__STUDY MATERIAL__
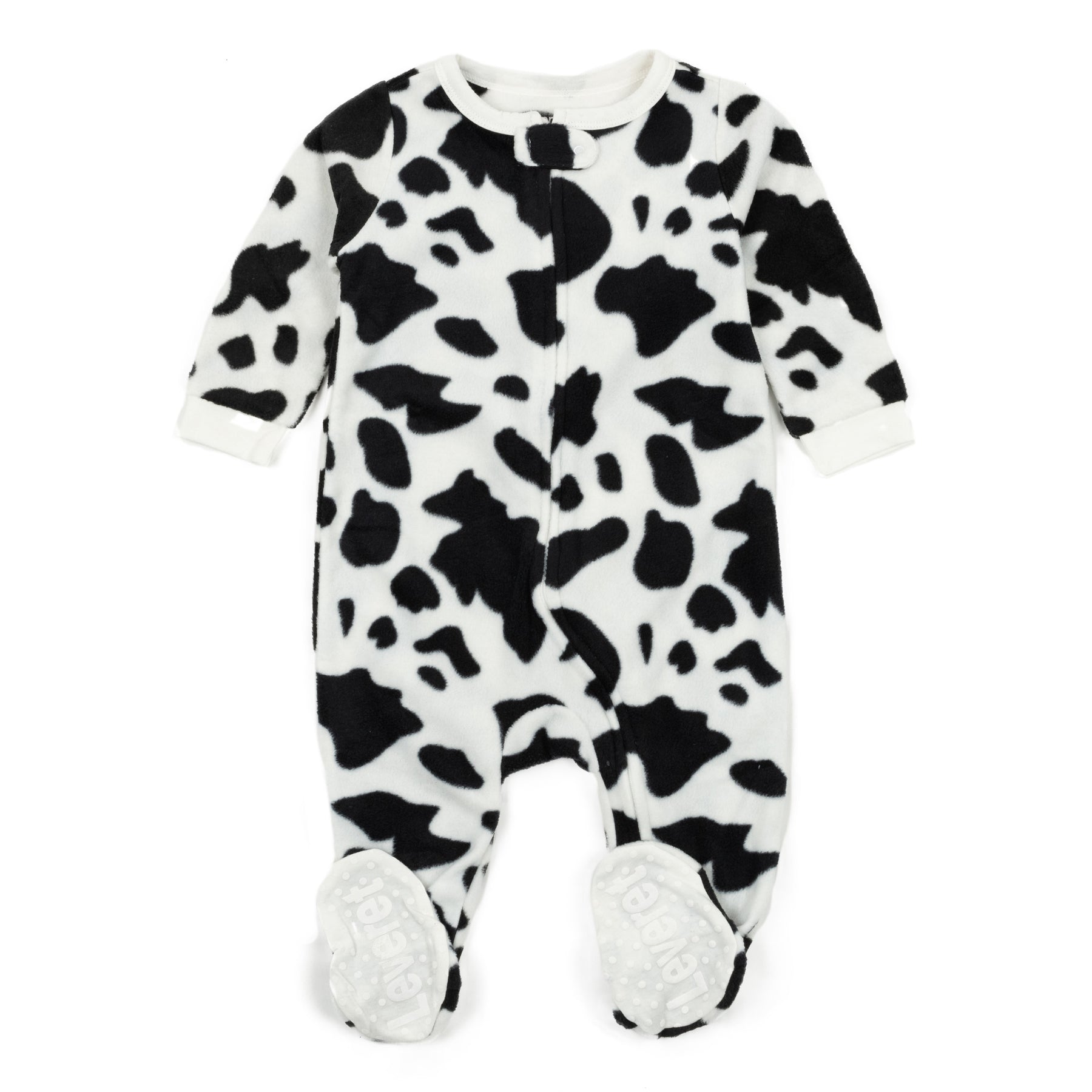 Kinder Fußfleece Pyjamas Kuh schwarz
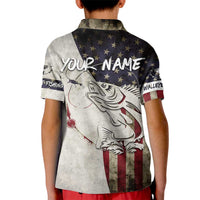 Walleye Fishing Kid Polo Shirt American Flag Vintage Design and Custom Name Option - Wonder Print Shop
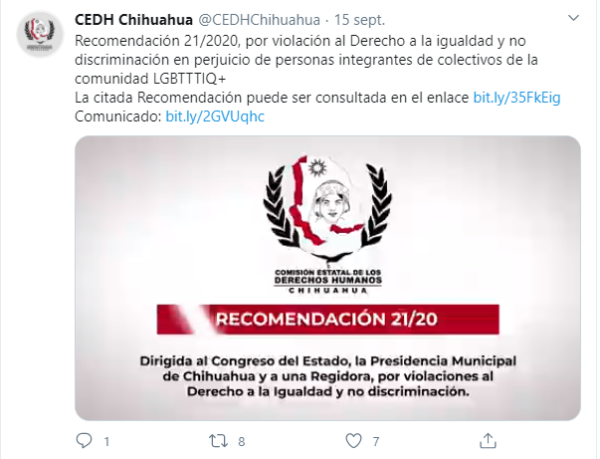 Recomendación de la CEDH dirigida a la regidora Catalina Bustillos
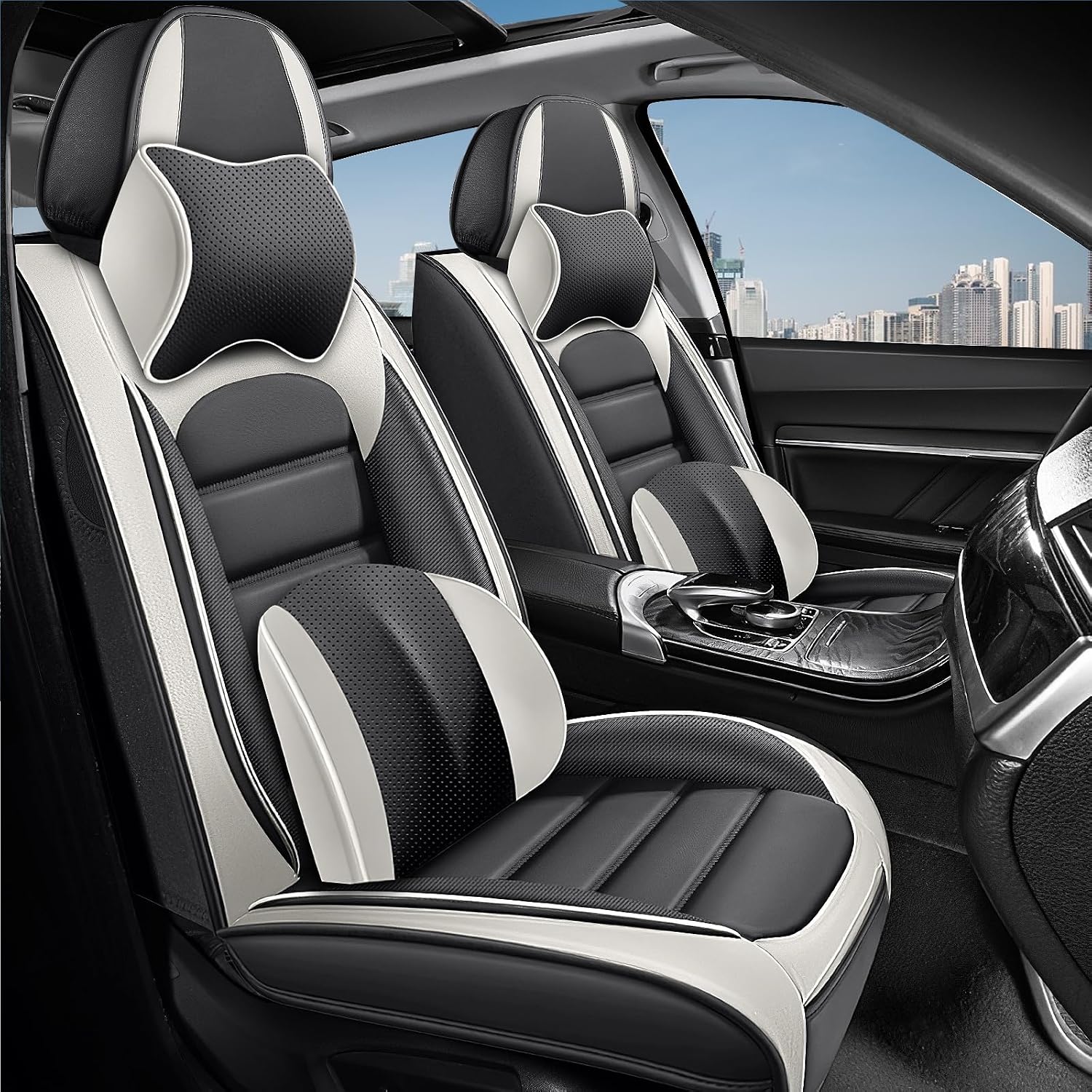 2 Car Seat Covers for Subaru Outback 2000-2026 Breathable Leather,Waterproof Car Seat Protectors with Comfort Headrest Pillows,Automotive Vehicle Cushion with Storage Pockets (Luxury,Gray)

--

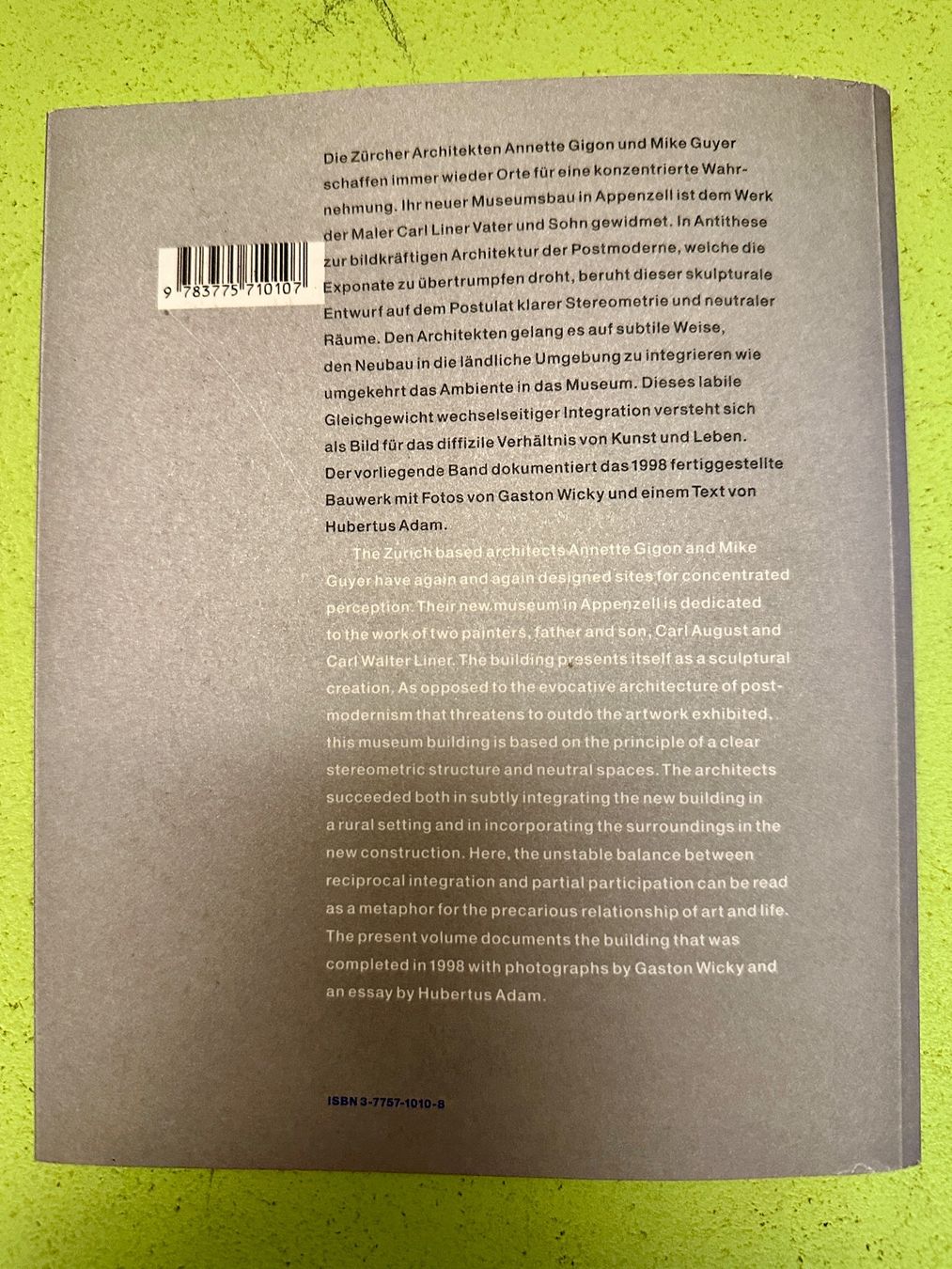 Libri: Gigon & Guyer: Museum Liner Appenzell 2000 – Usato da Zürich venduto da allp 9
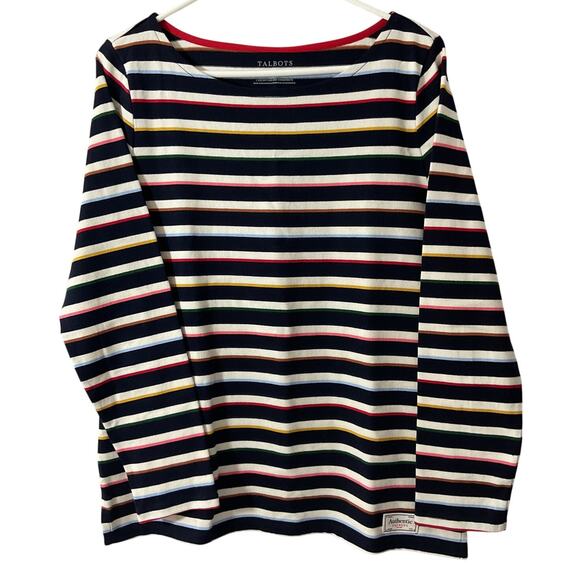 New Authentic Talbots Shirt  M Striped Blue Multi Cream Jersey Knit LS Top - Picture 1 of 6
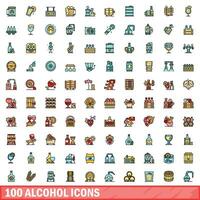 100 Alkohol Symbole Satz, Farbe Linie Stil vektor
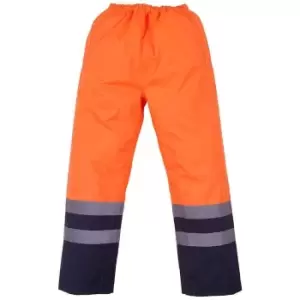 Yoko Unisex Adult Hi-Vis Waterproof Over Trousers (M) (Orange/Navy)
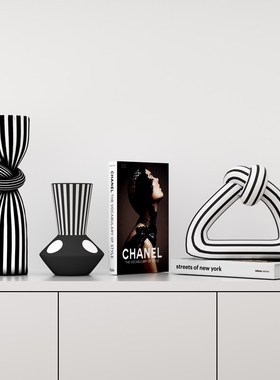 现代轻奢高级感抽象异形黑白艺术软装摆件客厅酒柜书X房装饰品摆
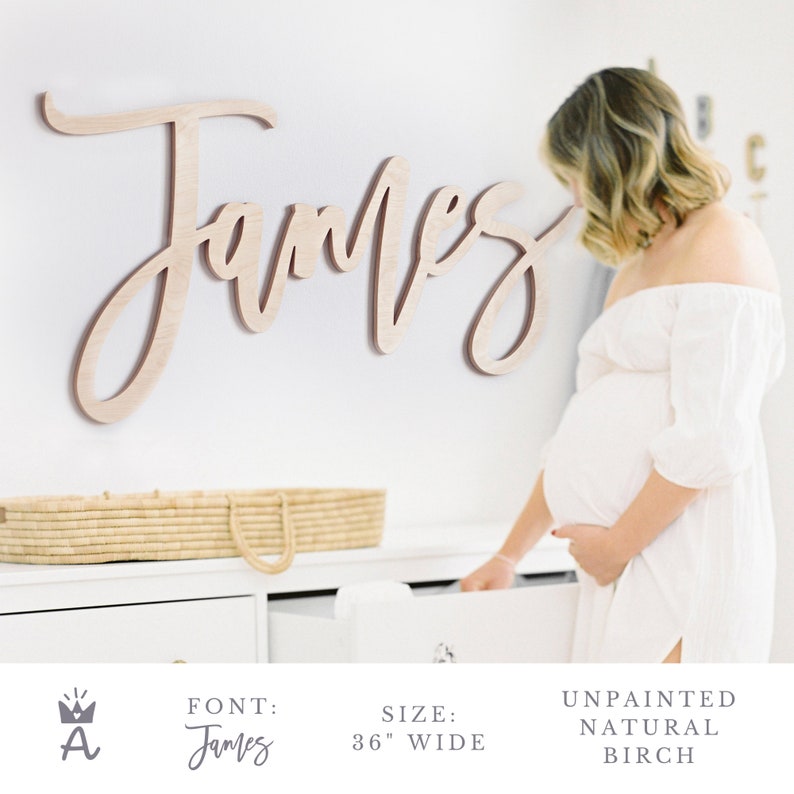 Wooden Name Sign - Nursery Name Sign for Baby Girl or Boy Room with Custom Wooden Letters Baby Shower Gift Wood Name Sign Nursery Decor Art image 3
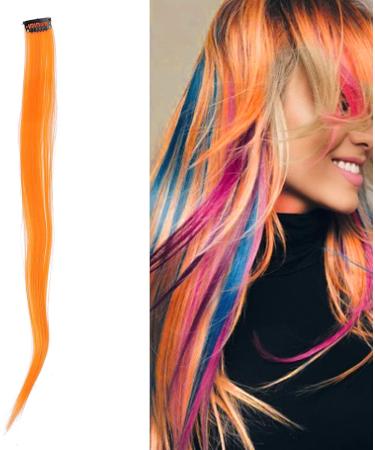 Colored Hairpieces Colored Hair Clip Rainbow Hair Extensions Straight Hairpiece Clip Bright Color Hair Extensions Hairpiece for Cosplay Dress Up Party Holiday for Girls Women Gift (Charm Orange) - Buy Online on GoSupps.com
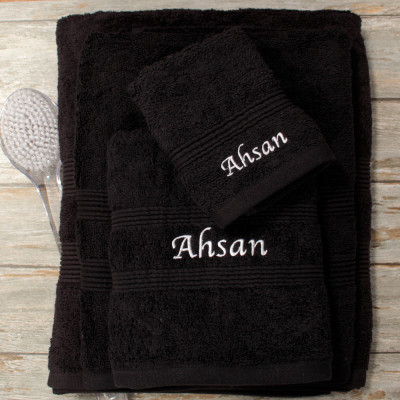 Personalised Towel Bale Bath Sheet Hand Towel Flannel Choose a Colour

---

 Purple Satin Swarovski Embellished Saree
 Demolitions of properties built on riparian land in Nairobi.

__WHAT THIS TASK INVOLVES__
Set the pictures aside and transcribe exactly the stretch of lines above, beginning with the one holding "Recomendación de la" and ending with the one holding "2 Car Seat Covers".

__COMPLETED EXERCISE__
 Recomendación de la CEDH dirigida a la regidora Catalina Bustillos
 2 Car Seat Covers for Subaru Outback 2000-2026 Breathable Leather,Waterproof Car Seat Protectors with Comfort Headrest Pillows,Automotive Vehicle Cushion with Storage Pockets (Luxury,Gray)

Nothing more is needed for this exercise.